À l’adolescence, il opte pour le Liceo Artistico de Zurich, qui propose un cursus artistique. Plus tard, souhaitant se rapprocher de la Suisse romande, il choisit l’ECAL. Comme il se sent bien encadré, les films d’école lui ont permis de constituer la base de son réseau. Bien qu’il ait abordé tous les aspects de la production au cours de son parcours, il reconnaît l’importance d’approfondir ses connaissances à l’étranger. En 2015, il part étudier l’écriture pendant deux mois à la New York Film Academy. Aux États-Unis, pays des histoires, toutes valent la peine d’être racontées. Il adore les récits initiatiques, coming of age, pour lesquels il n’y a pas d’âge. Se chercher, revenir aux sources, retrouver son enfant intérieur sont des thèmes récurrents.

« Cappuccino », son court métrage de fin d’études, a été présenté dans une quinzaine de festivals internationaux. Finaliste à l’Iris Prize, festival queer britannique et antichambre des BAFTA, l’histoire est celle de Jérémie, adolescent timide tentant de naviguer entre son attirance pour le ténébreux Damien et les extravagances d’une mère haute en couleur. Pour le cinéaste, les festivals sont une excellente carte de visite, une porte d’entrée à l’international. Ils permettent de parcourir le monde et de rencontrer les gens du milieu. Manuela Biedermann, actrice suisse, a tourné dans quatre de ses cinq films. Tamer Ruggli évoque le plaisir de cultiver la fidélité des débuts.

 

Un projet ambitieux

« Hazel », son dernier court métrage, sort en 2012. Il raconte l’histoire d’un adolescent secrètement attiré par les garçons, dont la mère au bord de la crise de nerfs efface au Tipp-Ex la silhouette du père sur les photos de famille.
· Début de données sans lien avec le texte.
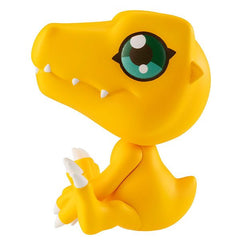 Digimon Adventure Look Up PVC Statue Agumon 11 cm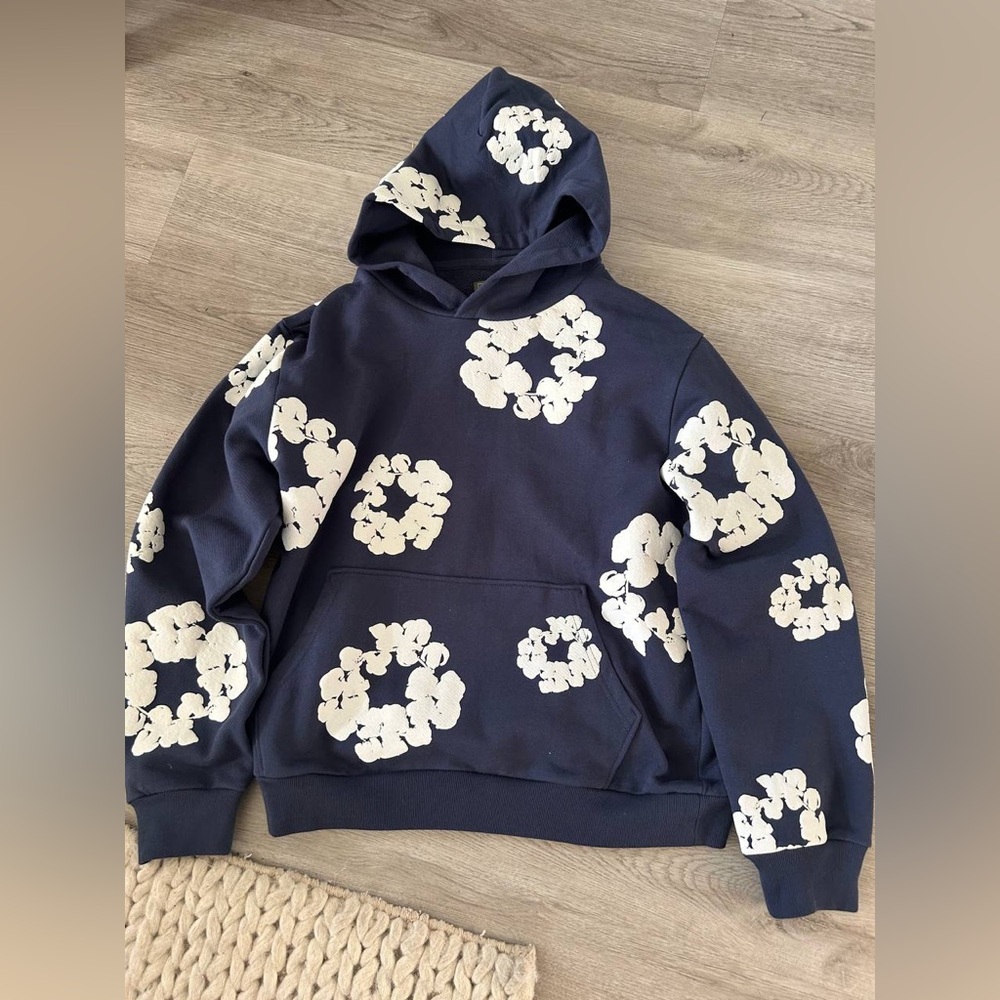 Denim Tears Hoodie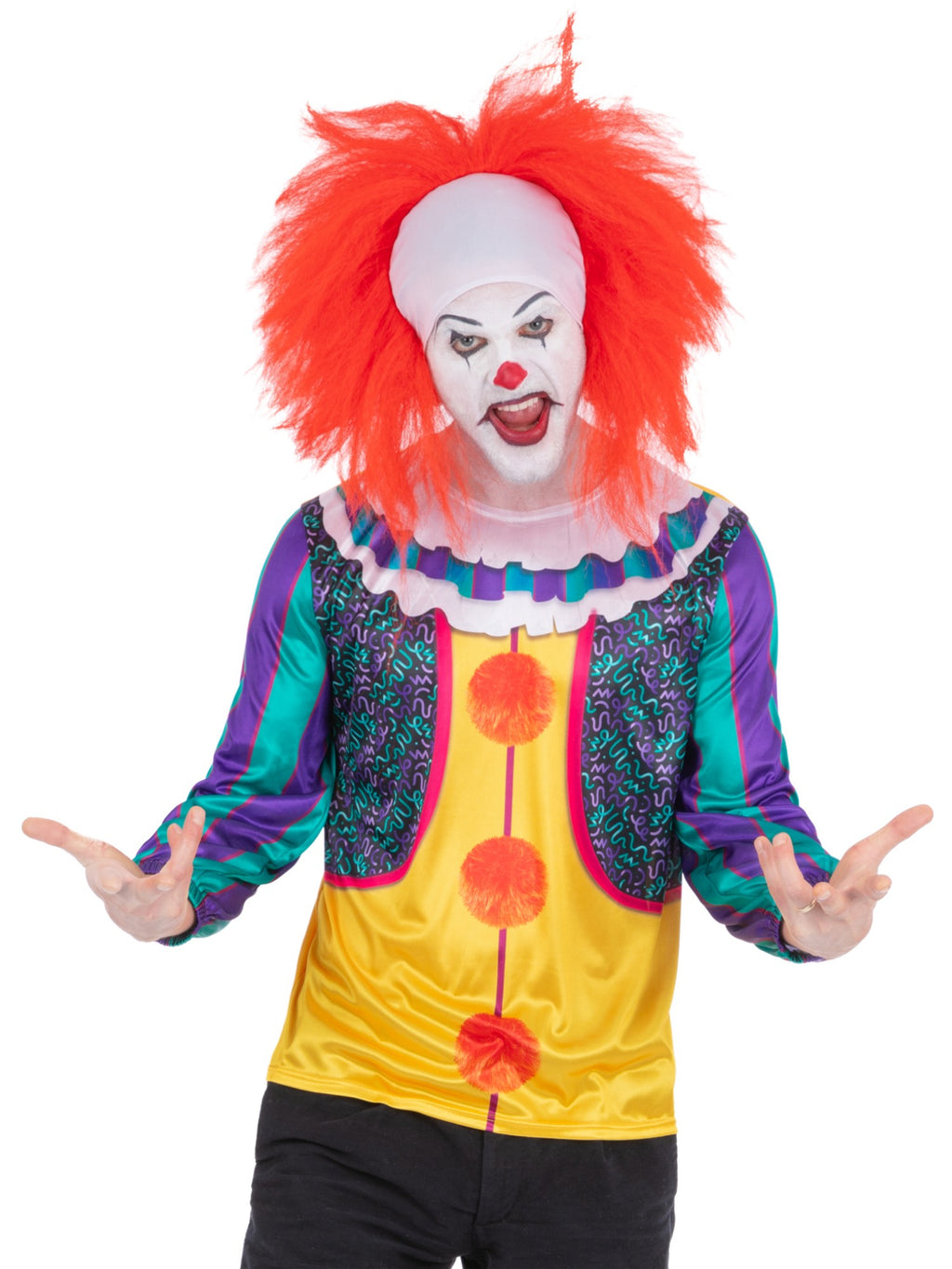 IT Classic Pennywise Top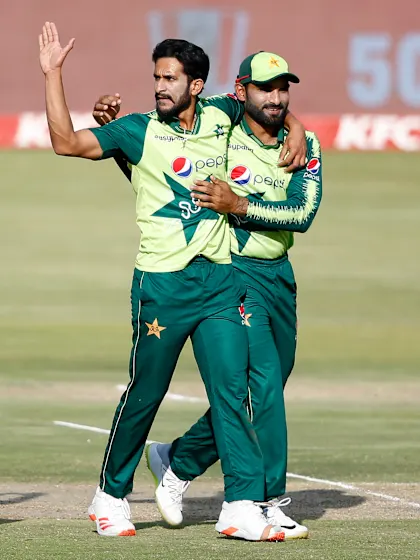 Rizwan, Hasan Ali promoted to Category A in Pakistan’s central contract list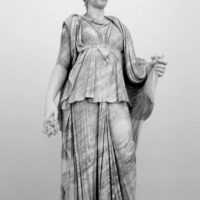 The so-called Pomona or Flor Minor - Roman, second half of 2nd C AD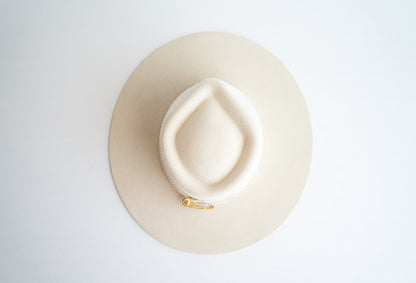 The Powerful in Bone White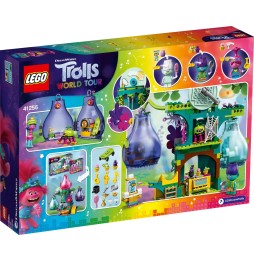 Klocki LEGO Trolls 41255 Przyjęcie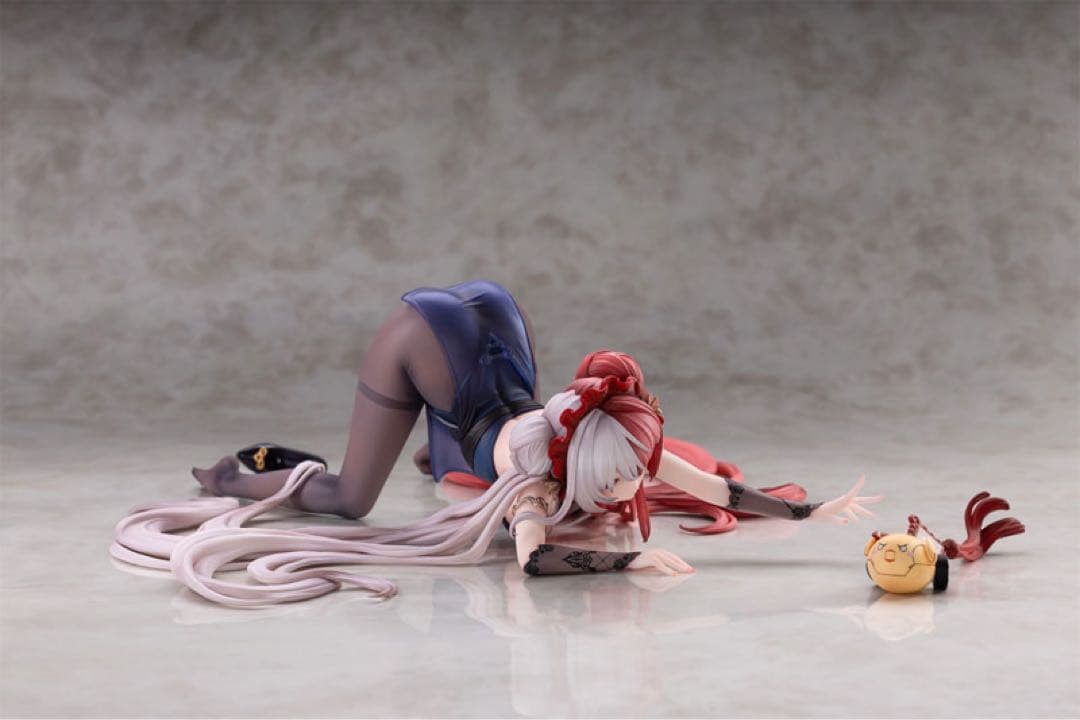 アズールレーン 肇和 戯れる松梅・下 Ver. 1/6 完成品フィギュア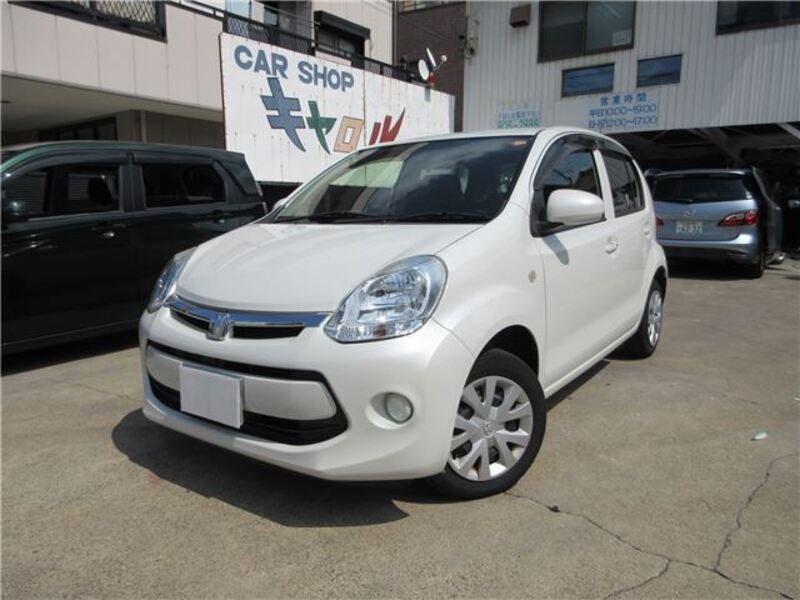 TOYOTA PASSO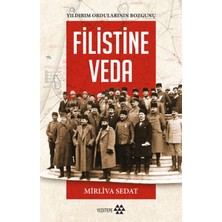 Yeditepe Yayınevi Filistin’e Veda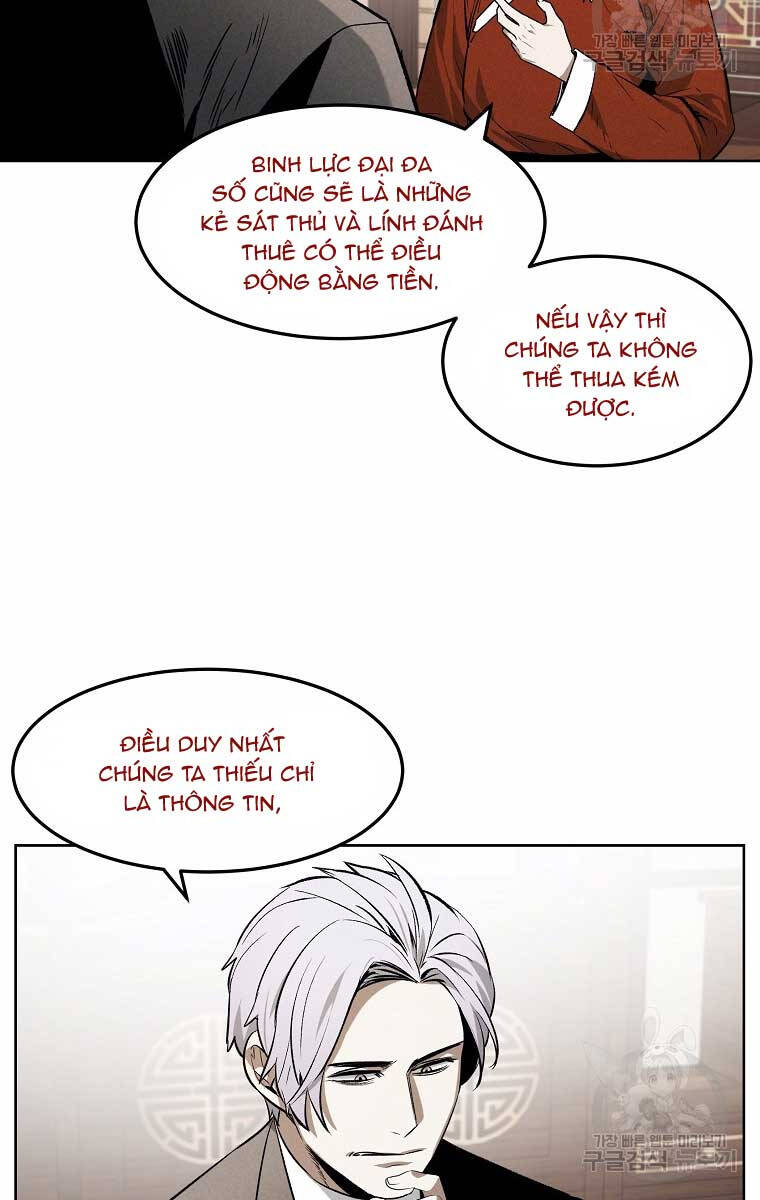 Kẻ Bất Bại Chap 63 - Next Chap 64
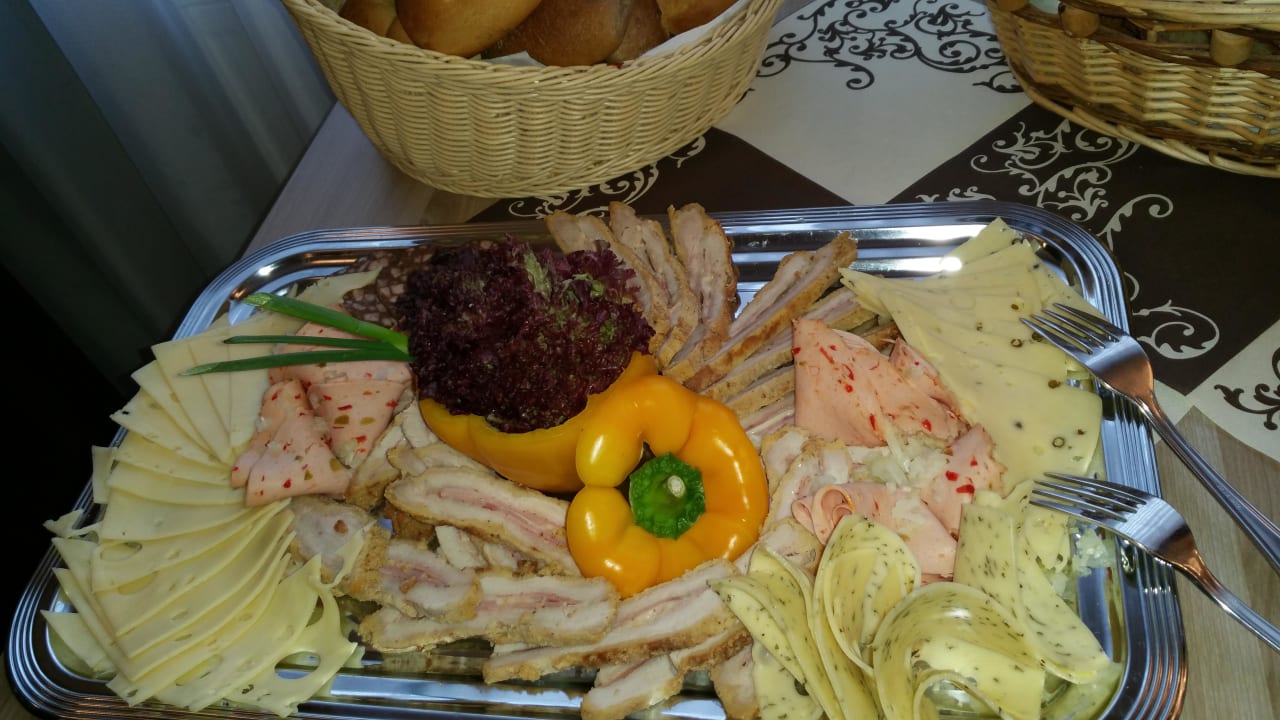 Abendbuffet Aparthotel Oberhof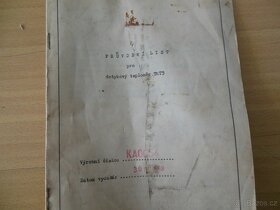 Analyzátor CO a CO2, teploměr s s návodem - 9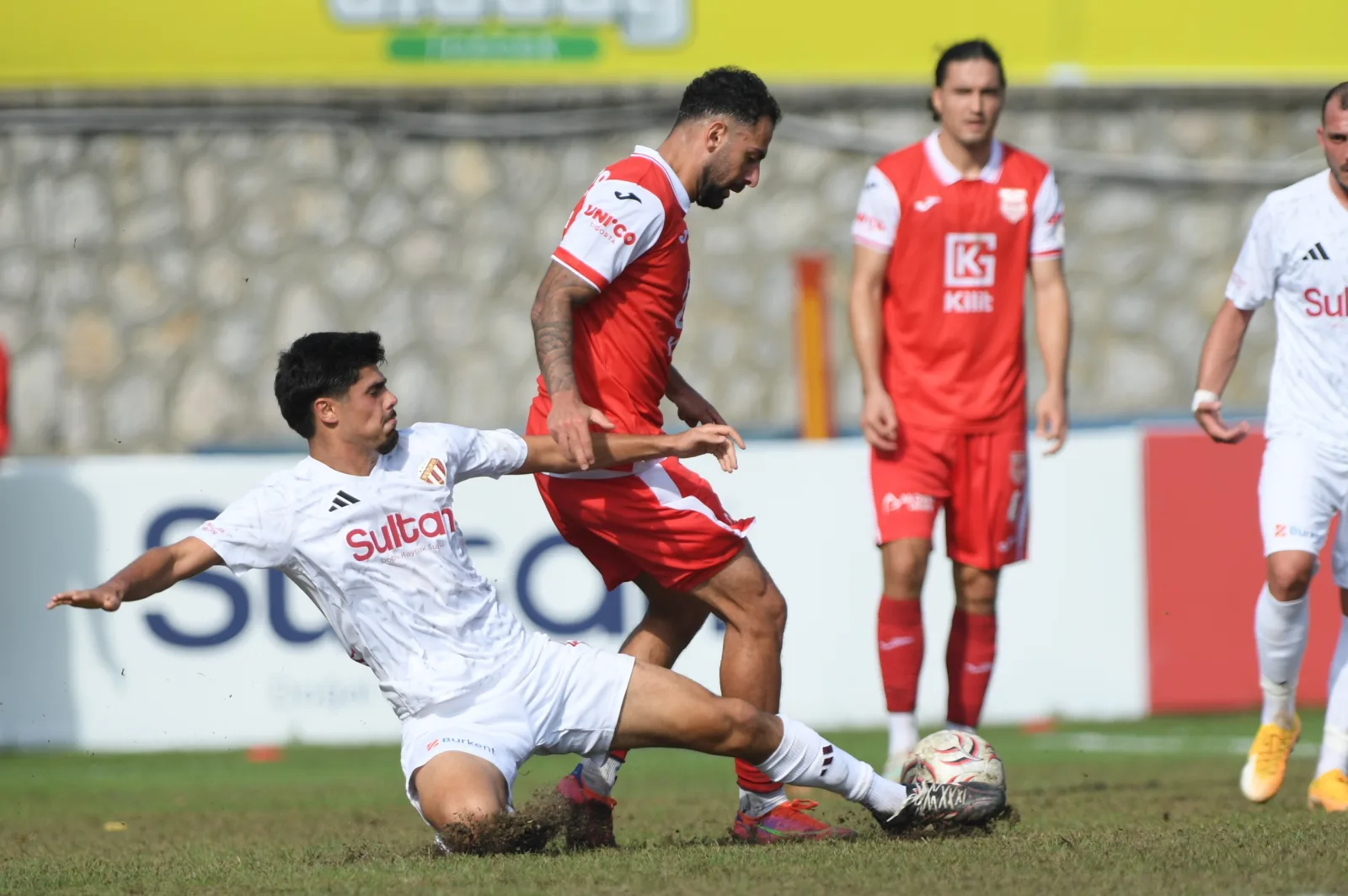 İnegölspor - Sebat Spor Kulübü: 1-4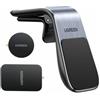 Ugreen 80712B supporto per personal communication Supporto passivo Telefono cellulare/smartphone Alluminio, Nero - 80712B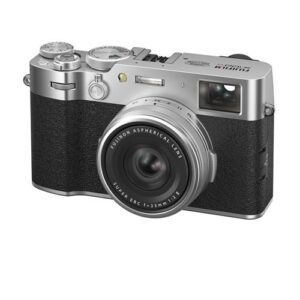 Appareil photo compact Fuji X100VI Silver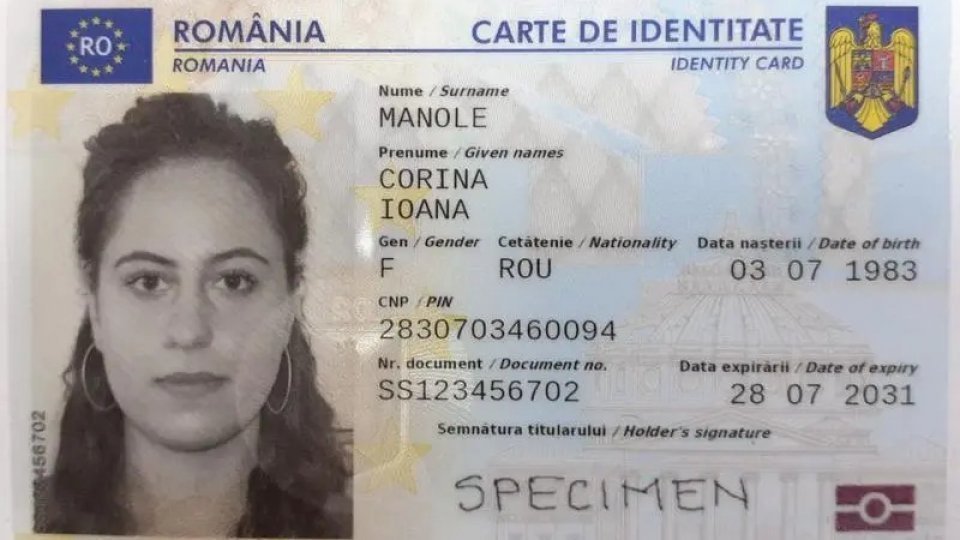 Cartea electronică de identitate, de astăzi și la Brașov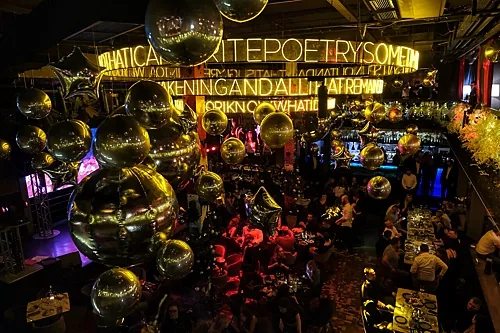 Memo dine&bar, Москва — фото площадки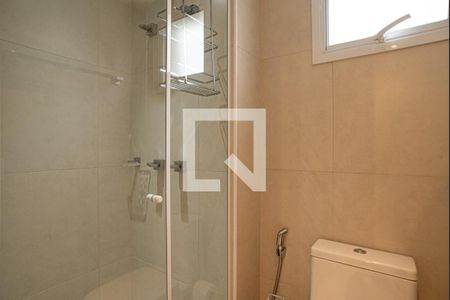 Apartamento para alugar com 64m², 2 quartos e 1 vagaBanheiro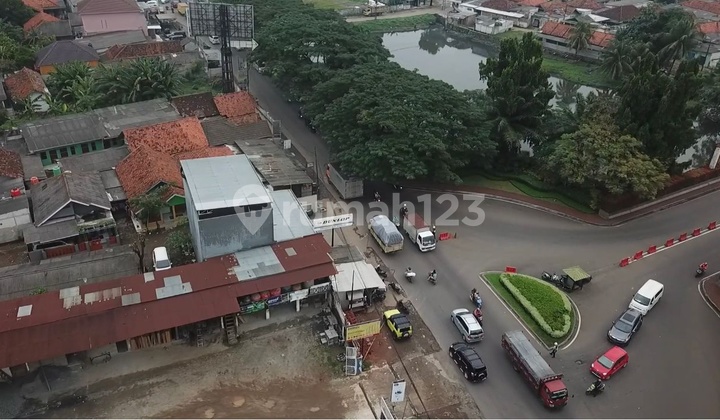 For Sale Ex Warehouse & Timber Warehouse on Jalan Raya Otonom Cikupa - Tangerang For Sale Ex Warehouse & Timber Warehouse on Jalan Raya Otonom Cikupa - Tangerang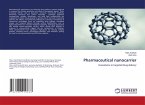 Pharmaceutical nanocarrier Pharmaceutical nanocarrier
Aujourd’hui, cela fait presque dix ans qu’il travaille sur « Retour en Alexandrie », son premier long métrage, dont la sortie est prévue début 2024. Une part de son inspiration découle de sa propre vie, en particulier des femmes de sa famille égyptienne, avec leur attitude marquée par l’hyperféminité. C’est un portrait familial, une autoréflexion qui a pris son temps pour mûrir. Le projet s’est étendu à l’international, devenant beaucoup plus ambitieux. Film majoritairement suisse, en coproduction avec la France et cofinancé par l’Égypte et le Qatar, le projet a reçu en 2016 une bourse d’aide au développement de la Société suisse des auteurs.

Le financement aussi a pris du temps. Pour le cinéaste, la force d’un producteur réside dans la ténacité, le sens de l’écoute et la défense du film, qualités qu’il retrouve chez ses producteurs de Tipi’mages Productions, basée à Genève. Situer le récit en Égypte représentait un défi : l’objectif était de présenter un aspect magique et nostalgique du pays, en évitant les stéréotypes. L’histoire suit une femme qui retourne à Alexandrie pour retrouver sa mère, avec un casting réunissant Nadine Labaki et Fanny Ardant, « l’incarnation parfaite de la femme orientale ». Intense, le tournage s’est déroulé sur cinq semaines en Égypte et une en Suisse. Tamer Ruggli est heureux que son film soit présenté au Zurich Film Festival, où résident ses proches. Il travaille actuellement sur deux autres projets : l’un en Égypte, l’autre en Suisse. À moins que l’histoire, une nouvelle fois, n’emprunte des chemins de traverse.